Thank you is definitely where I will start this post. The support I have received over the past week, the past month, the past year, the last 10 years has been absolutely incredible. Honestly the words on this page will never be enough to truly reflect the gratitude I feel. Thank you.

Ten years ago, just a couple of months after starting to swim competitively, I had the opportunity to represent Malawi at the Commonwealth Games in Manchester, England. It was at that point I knew I was going to be on a journey chasing a dream for many years to come. That journey came to an end last week in South Africa. It didn’t end the way I thought it was going to end, it wasn’t really the result I worked for, and to be honest I am disappointed with what went down on paper as the final result. But what I can tell you is that I am satisfied.

It’s weird being disappointed and satisfied at the same time. As I just said, I am disappointed with the times I swam last week and the positions I finished. I am disappointed that the hard work I put in, the sacrifices I have made, the commitment I swore to did not pay off in the way I wanted.

Yet I am peacefully content with everything. I did everything I could and that fact alone is good enough for me. Don’t get me wrong, I’m not a big fan of losing. I don’t think you can be a competitive athlete if you don’t mind losing. Yet strangely enough the cliche that titled my first ever blog post holds true. “Life is about the journey, enjoy the ride”. I am satisfied because I know that I committed 100% to my dream. I am satisfied because I don’t regret doing or not doing anything leading up to last weeks Olympic Trials. I am satisfied because I honestly could not have given anything more and I am proud of that.

You see friends, I believe life is as much about having the balls to put yourself out there, committing 100% and taking responsibility for our lives as it is about achieving success. I think my greatest fear is that as I grow older I will allow life to get in the  way of my dreams, I’ll get caught up in my day to day struggles and forget about what I really want to achieve. I never want to stop dreaming big, or start thinking “practically”, I don’t want to be the guy that makes excuses for why I can’t do something or blame others for any inabilites.

Myself with Neil Versfeld (9th in the 200 Breaststroke at the 2008 Beijing Olympics) and Terence Parkin (2nd in the 200 Breaststroke at the 2000 Sydney Olympics)
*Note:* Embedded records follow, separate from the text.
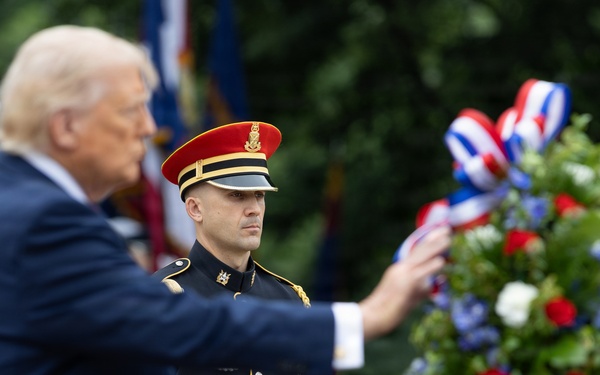 158th National Memorial Day Observance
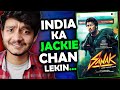 Sanak movie review ek insaan akela kitna karega 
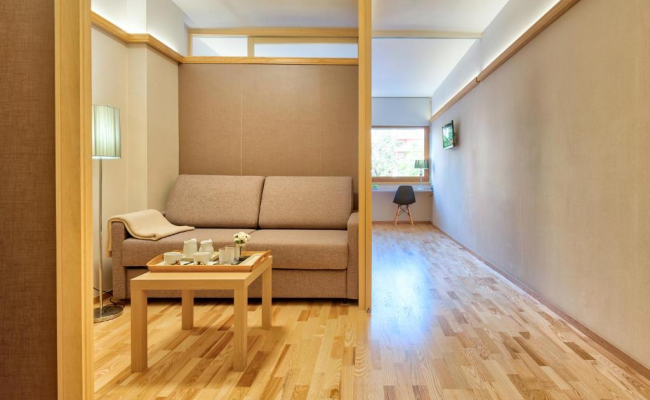 Aparthotel Bonanova Suite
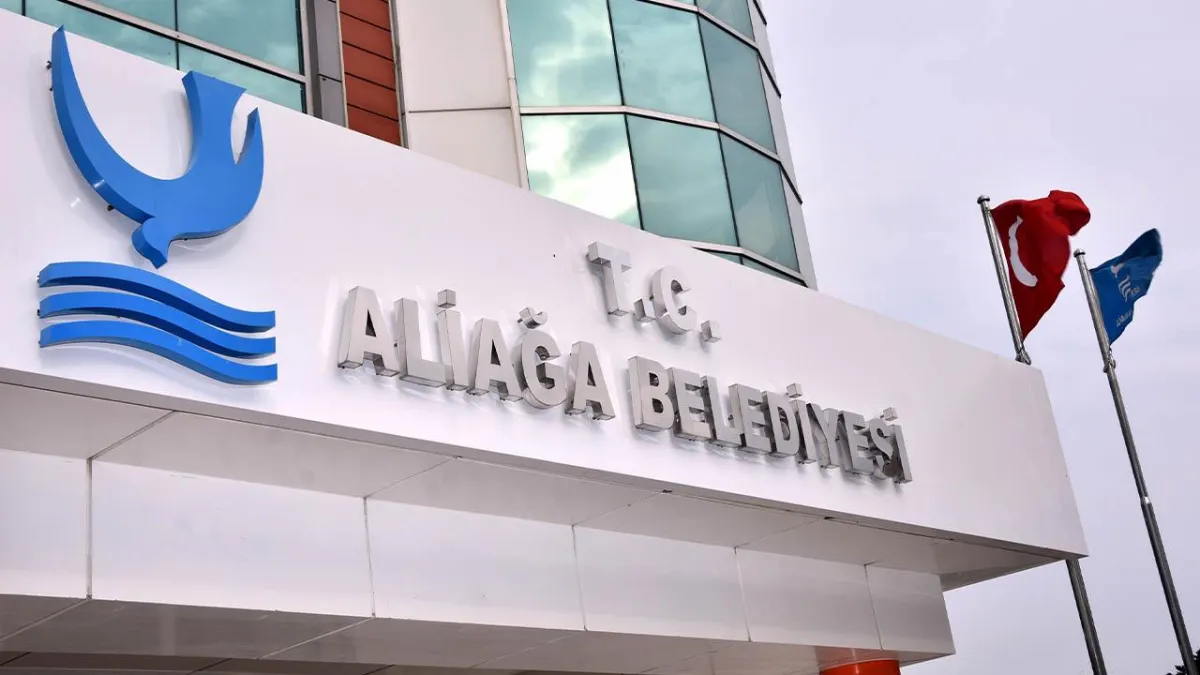 Aliağa Belediyesi’nden vergi uyarısı: Emlak ve çevre temizlik vergisi ödemeleri başladı haberinin görseli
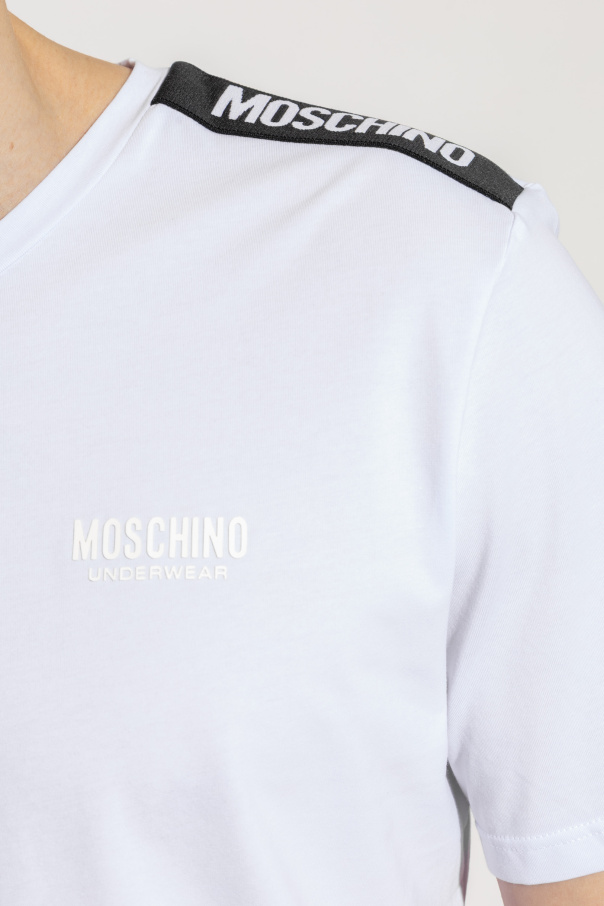 Moschino Two-pack of t-shirts from the Underwear collection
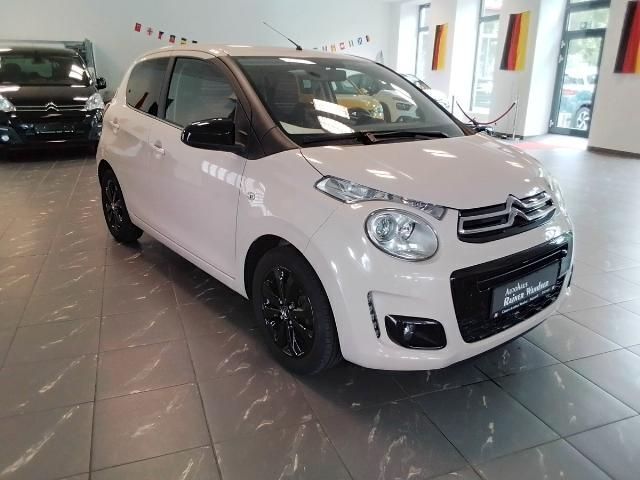 Rose metallik (metallic) Gebraucht 2020 Citroën C1 Shine Kleinwagen | 10.990 € (Fairer Preis) - Bild 1/4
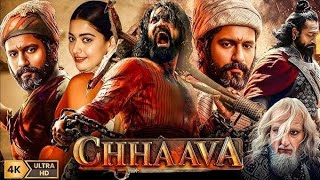 CHHAAVA  |Official Trailer | Movie 2025| Vicky Kaushal ,Rashmika Mandanna ,Akshay Kumar |14th Feb |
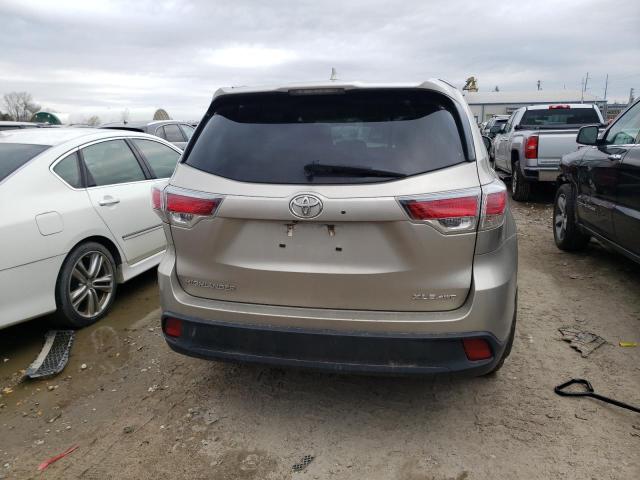 5TDJKRFH1FS205042 Toyota Highlander Xle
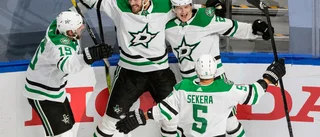Hattrickhjälte tog Dallas till semifinal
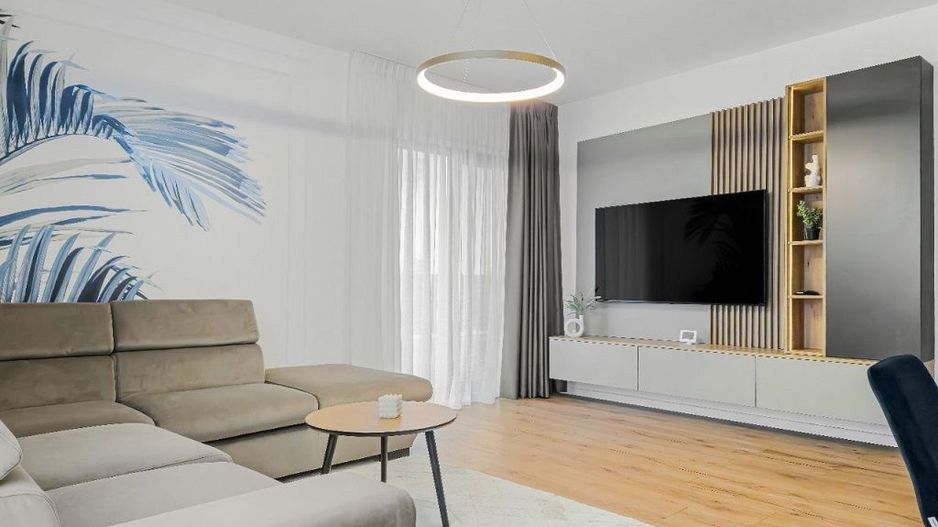 Apartament 3 camere | 2 parcari | Gradina 140m | Foisor propriu - Poză 3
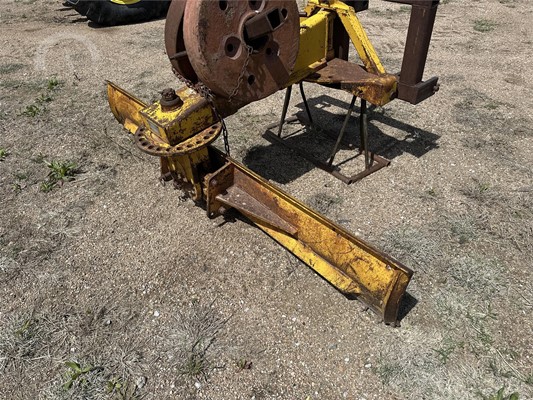 11001 rhino servis rear blade auctiontime equipment auction may 15th 2024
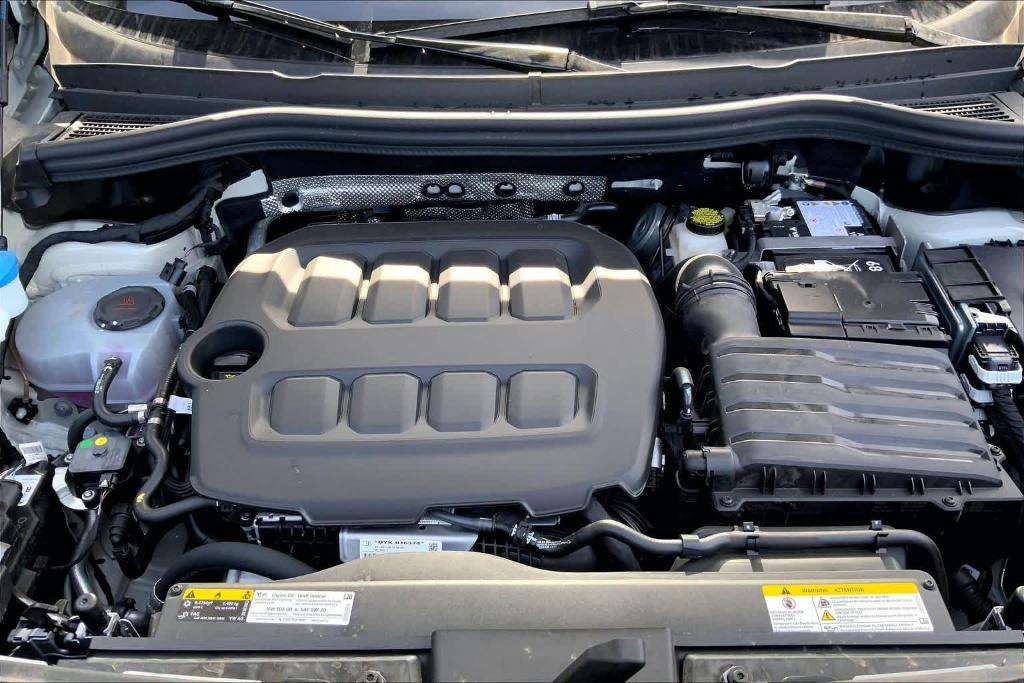 new 2026 Volkswagen Tiguan car, priced at $46,647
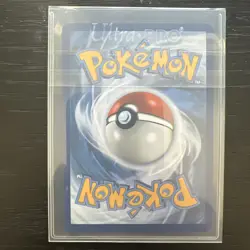 Pokemon TCG Blastoise EX Holo Ultra Rare Card Scarlet VIOLET-151, 184/165 - Image 2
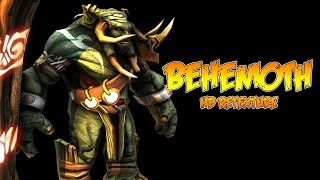 Making of Behemoth HD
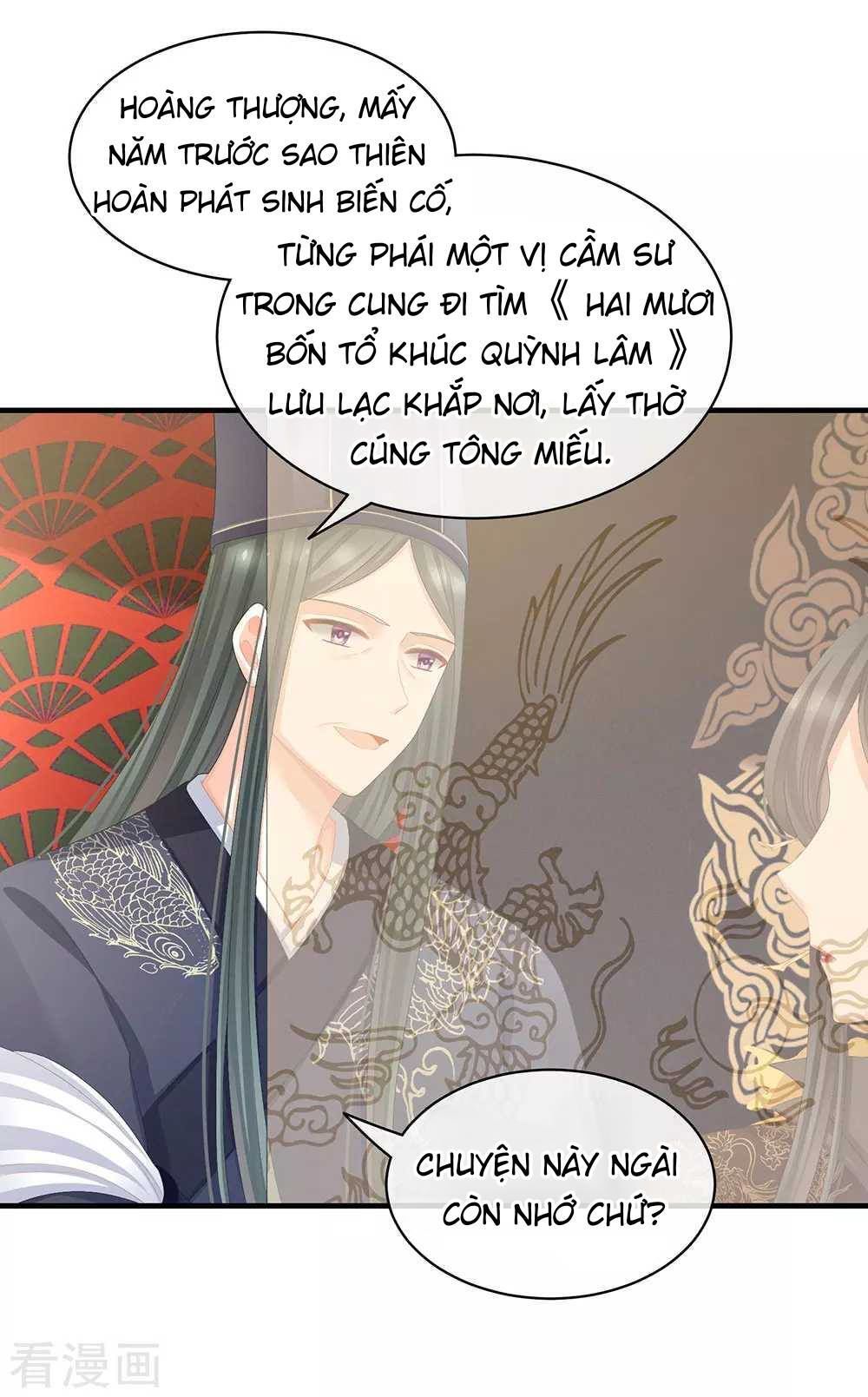 Hậu Cung Của Nữ Đế Chap 65 - Next Chap 66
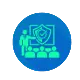 cybersecurity awareness icon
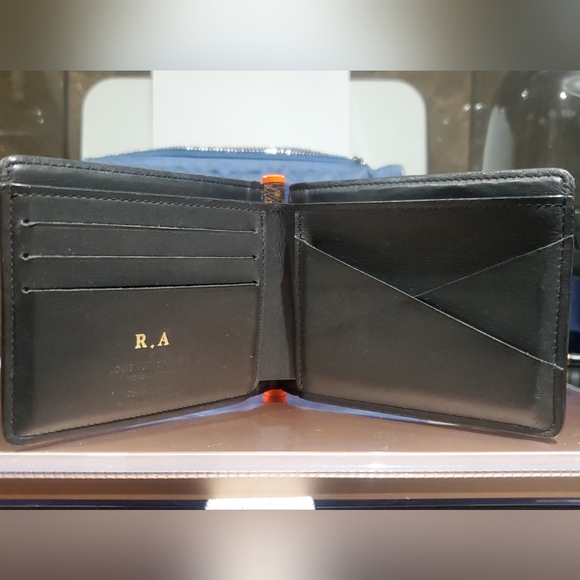 Louis vuitton Virgil abloh hinged wallet - Picture 2 of 9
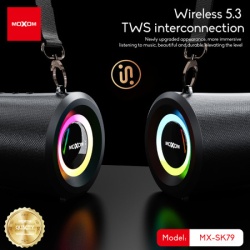 Moxom mx-sk79 crni Zvucnik bluetooth ( ZV1111 )-3
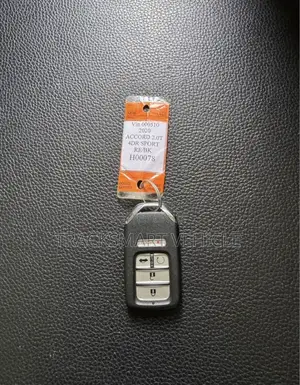 Honda CRV, Civic, Accord SMART KEYS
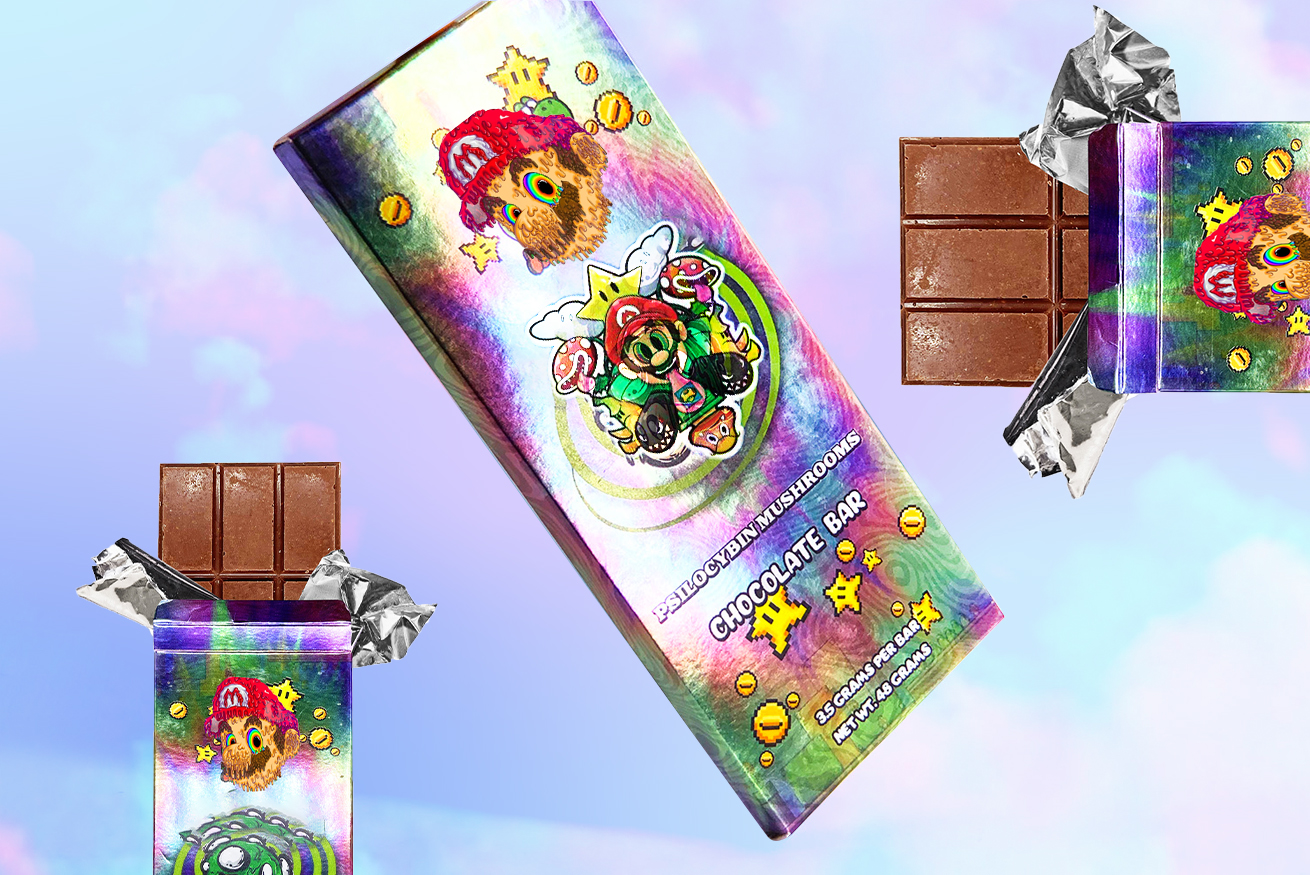 The Best Magic Mushroom Chocolate Bars: Comparing 4 Flavors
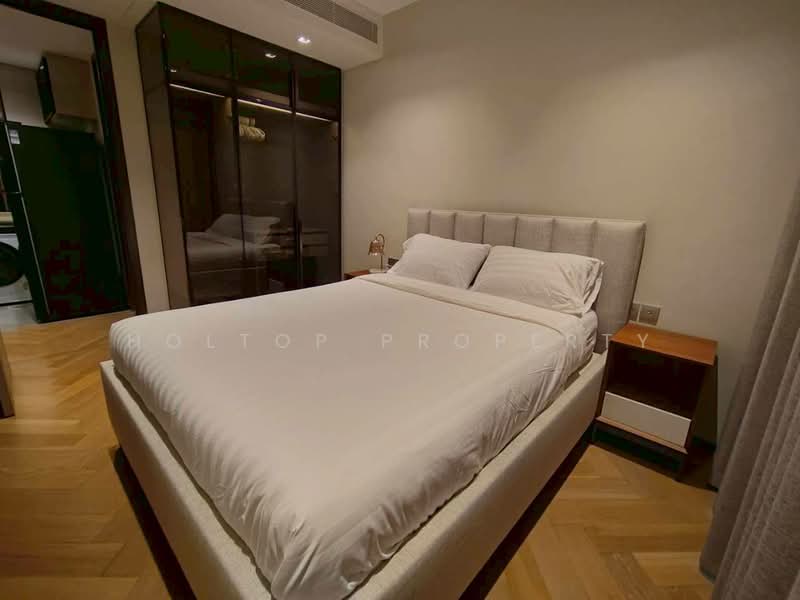 The Reserve Sukhumvit 61, Bangkok, 78 Soi Sukhumvit 61, Khlong Tan Nua, Watthana, Bangkok, 2 Bedrooms, 67 sqm, Condo For Rent, by Holtop Property, 500468346 - DDproperty.com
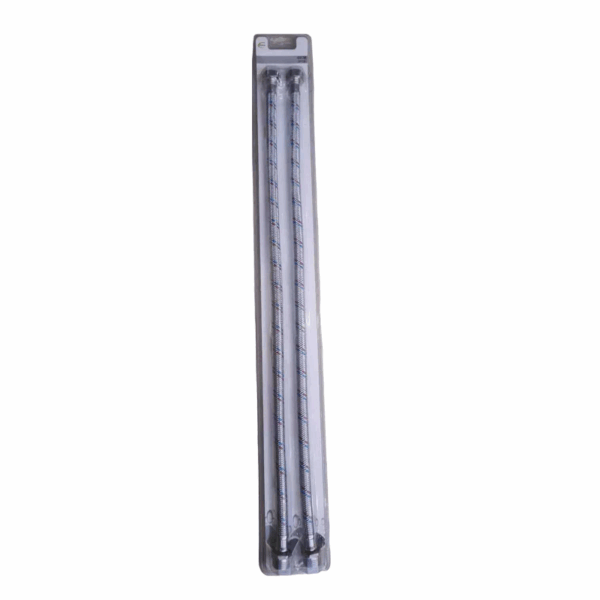 Σπιράλ μπαταρίας βρύσης - 60cm - Male/Female - 2pcs - 23106 - GoodFlix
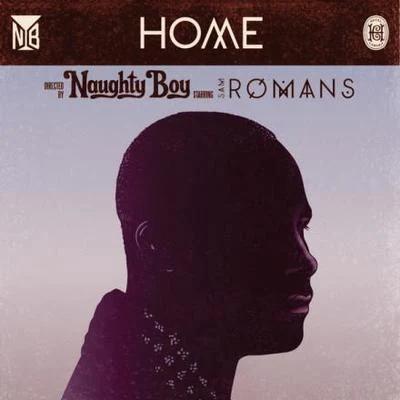 Home 專輯 George The Poet/Naughty Boy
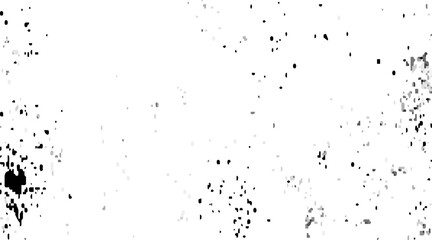 Abstract monochrome background. Grunge black and white background. Abstract monochrome texture. Surface in chips, cracks, scuffs.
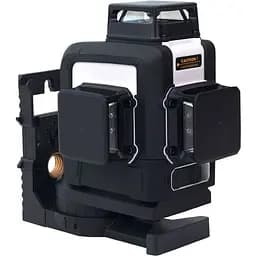 Лазерный уровень My Tools 3D-Mark 1H/2V/360-50 красный с адаптером (144-3R-360-A)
My Olympic Dream was a big dream, but I have lived like it was a reality for the last couple of years. I am proud of that. The journey has been one of a kind and incredibly rewarding. I’ve had the opportunity to see amazing places because of my swimming. I have met and raced against some very cool people, I’ve had incredible doctors, surgeons, therapists and trainers help me through my injuries. I’ve worked with awesome coaches and have seen and felt support from friends that gave me goosebumps. I received emotional and financial help from a family that loves me unconditionally, and have shared most of the journey with an incredible woman who stood by me through it all.

I may not have made the Olympic cut but I wouldn’t change any of my experiences for the world.

Find your Olympic Dream my friends and follow it like there is no tomorrow.

“The most important thing in the Olympic Games is not to win but to take part, just as the most important thing in life is not the triumph but the struggle. The essential thing is not to have conquered but to have fought well.”  – Pierre de Coubertin, IOC President 1896 – 1925.